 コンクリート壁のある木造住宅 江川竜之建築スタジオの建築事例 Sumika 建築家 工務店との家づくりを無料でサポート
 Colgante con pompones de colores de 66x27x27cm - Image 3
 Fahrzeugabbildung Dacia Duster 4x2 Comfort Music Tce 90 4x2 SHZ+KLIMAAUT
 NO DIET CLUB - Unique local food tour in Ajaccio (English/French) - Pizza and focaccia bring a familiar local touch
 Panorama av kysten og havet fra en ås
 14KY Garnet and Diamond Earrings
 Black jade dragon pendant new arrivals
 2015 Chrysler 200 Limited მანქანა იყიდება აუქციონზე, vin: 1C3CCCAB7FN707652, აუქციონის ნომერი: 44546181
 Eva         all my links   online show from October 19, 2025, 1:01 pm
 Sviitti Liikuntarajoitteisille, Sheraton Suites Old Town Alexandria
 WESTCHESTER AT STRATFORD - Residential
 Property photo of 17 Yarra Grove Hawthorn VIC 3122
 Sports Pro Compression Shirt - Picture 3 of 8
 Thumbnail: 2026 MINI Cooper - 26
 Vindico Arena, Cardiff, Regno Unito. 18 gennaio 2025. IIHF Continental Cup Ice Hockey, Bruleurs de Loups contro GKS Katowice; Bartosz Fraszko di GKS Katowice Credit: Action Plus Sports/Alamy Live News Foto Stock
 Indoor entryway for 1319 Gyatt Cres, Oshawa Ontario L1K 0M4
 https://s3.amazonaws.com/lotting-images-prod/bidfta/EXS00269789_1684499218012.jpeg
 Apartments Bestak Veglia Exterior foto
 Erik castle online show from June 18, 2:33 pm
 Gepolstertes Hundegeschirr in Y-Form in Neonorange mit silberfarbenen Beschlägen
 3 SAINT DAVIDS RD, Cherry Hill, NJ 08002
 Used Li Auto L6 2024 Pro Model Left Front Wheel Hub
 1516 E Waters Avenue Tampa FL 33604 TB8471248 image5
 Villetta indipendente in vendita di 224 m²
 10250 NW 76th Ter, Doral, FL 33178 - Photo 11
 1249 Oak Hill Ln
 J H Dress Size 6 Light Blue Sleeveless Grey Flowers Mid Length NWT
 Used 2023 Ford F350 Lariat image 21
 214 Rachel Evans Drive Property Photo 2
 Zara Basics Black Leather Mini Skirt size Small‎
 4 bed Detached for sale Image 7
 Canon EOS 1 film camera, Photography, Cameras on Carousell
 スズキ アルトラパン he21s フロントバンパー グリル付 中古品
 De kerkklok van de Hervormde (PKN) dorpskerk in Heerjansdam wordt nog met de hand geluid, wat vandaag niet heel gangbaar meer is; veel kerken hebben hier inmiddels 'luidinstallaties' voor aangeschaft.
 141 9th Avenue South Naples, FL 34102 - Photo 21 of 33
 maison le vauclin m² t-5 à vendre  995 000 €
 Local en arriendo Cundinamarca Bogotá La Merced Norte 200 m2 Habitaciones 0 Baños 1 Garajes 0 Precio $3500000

*Problem to solve*:
The answer is the data above, retyped exactly in full.

*Problem solution*:
 コンクリート壁のある木造住宅 江川竜之建築スタジオの建築事例 Sumika 建築家 工務店との家づくりを無料でサポート
 Colgante con pompones de colores de 66x27x27cm - Image 3
 Fahrzeugabbildung Dacia Duster 4x2 Comfort Music Tce 90 4x2 SHZ+KLIMAAUT
 NO DIET CLUB - Unique local food tour in Ajaccio (English/French) - Pizza and focaccia bring a familiar local touch
 Panorama av kysten og havet fra en ås
 14KY Garnet and Diamond Earrings
 Black jade dragon pendant new arrivals
 2015 Chrysler 200 Limited მანქანა იყიდება აუქციონზე, vin: 1C3CCCAB7FN707652, აუქციონის ნომერი: 44546181
 Eva         all my links   online show from October 19, 2025, 1:01 pm
 Sviitti Liikuntarajoitteisille, Sheraton Suites Old Town Alexandria
 WESTCHESTER AT STRATFORD - Residential
 Property photo of 17 Yarra Grove Hawthorn VIC 3122
 Sports Pro Compression Shirt - Picture 3 of 8
 Thumbnail: 2026 MINI Cooper - 26
 Vindico Arena, Cardiff, Regno Unito. 18 gennaio 2025. IIHF Continental Cup Ice Hockey, Bruleurs de Loups contro GKS Katowice; Bartosz Fraszko di GKS Katowice Credit: Action Plus Sports/Alamy Live News Foto Stock
 Indoor entryway for 1319 Gyatt Cres, Oshawa Ontario L1K 0M4
 https://s3.amazonaws.com/lotting-images-prod/bidfta/EXS00269789_1684499218012.jpeg
 Apartments Bestak Veglia Exterior foto
 Erik castle online show from June 18, 2:33 pm
 Gepolstertes Hundegeschirr in Y-Form in Neonorange mit silberfarbenen Beschlägen
 3 SAINT DAVIDS RD, Cherry Hill, NJ 08002
 Used Li Auto L6 2024 Pro Model Left Front Wheel Hub
 1516 E Waters Avenue Tampa FL 33604 TB8471248 image5
 Villetta indipendente in vendita di 224 m²
 10250 NW 76th Ter, Doral, FL 33178 - Photo 11
 1249 Oak Hill Ln
 J H Dress Size 6 Light Blue Sleeveless Grey Flowers Mid Length NWT
 Used 2023 Ford F350 Lariat image 21
 214 Rachel Evans Drive Property Photo 2
 Zara Basics Black Leather Mini Skirt size Small‎
 4 bed Detached for sale Image 7
 Canon EOS 1 film camera, Photography, Cameras on Carousell
 スズキ アルトラパン he21s フロントバンパー グリル付 中古品
 De kerkklok van de Hervormde (PKN) dorpskerk in Heerjansdam wordt nog met de hand geluid, wat vandaag niet heel gangbaar meer is; veel kerken hebben hier inmiddels 'luidinstallaties' voor aangeschaft.
 141 9th Avenue South Naples, FL 34102 - Photo 21 of 33
 maison le vauclin m² t-5 à vendre  995 000 €
 Local en arriendo Cundinamarca Bogotá La Merced Norte 200 m2 Habitaciones 0 Baños 1 Garajes 0 Precio $3500000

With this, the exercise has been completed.